## Data below
++++

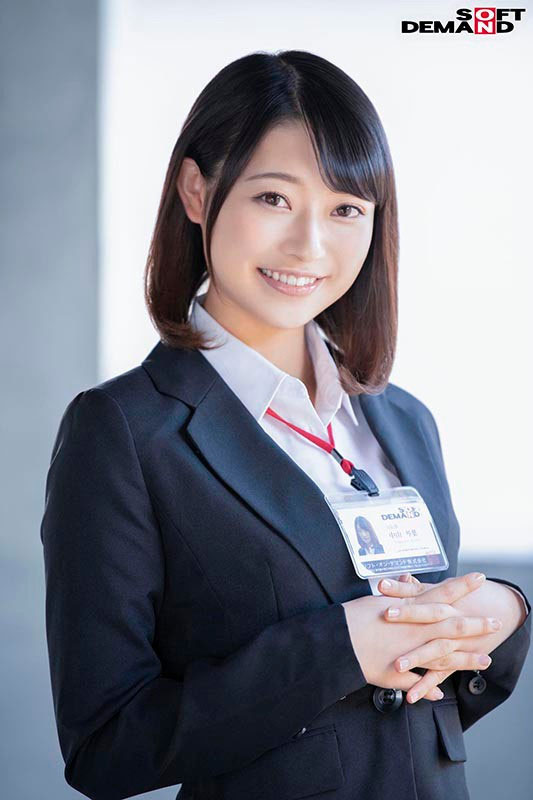 中山琴叶(Nakayama-Kotoha)最新品番作品SDJS-194介绍及预览-八福集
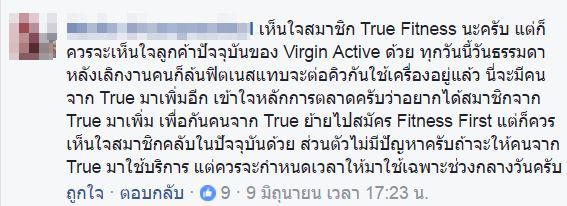 เวอร์จิ้น แอ็คทีฟ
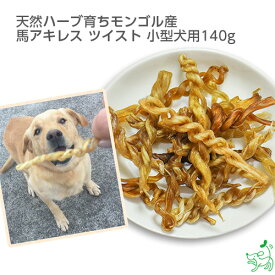 無添加天然ハーブ育ちモンゴル産 馬アキレス ツイスト 小型犬用140g 犬 おやつ 低カロリー 犬用 ジャーキー 長持ち 関節 固い 歯石 歯磨き 歯みがき ガム デンタルガム デンタルケア ドッグフード ドックフード ペットフード 小型犬 中型犬 大型犬 イリオスマイル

++++

## Aim of the exercise
Leave out the images and write out the listing above exactly.

## Result
 中山琴叶(Nakayama-Kotoha)最新品番作品SDJS-194介绍及预览-八福集
 เวอร์จิ้น แอ็คทีฟ
 無添加天然ハーブ育ちモンゴル産 馬アキレス ツイスト 小型犬用140g 犬 おやつ 低カロリー 犬用 ジャーキー 長持ち 関節 固い 歯石 歯磨き 歯みがき ガム デンタルガム デンタルケア ドッグフード ドックフード ペットフード 小型犬 中型犬 大型犬 イリオスマイル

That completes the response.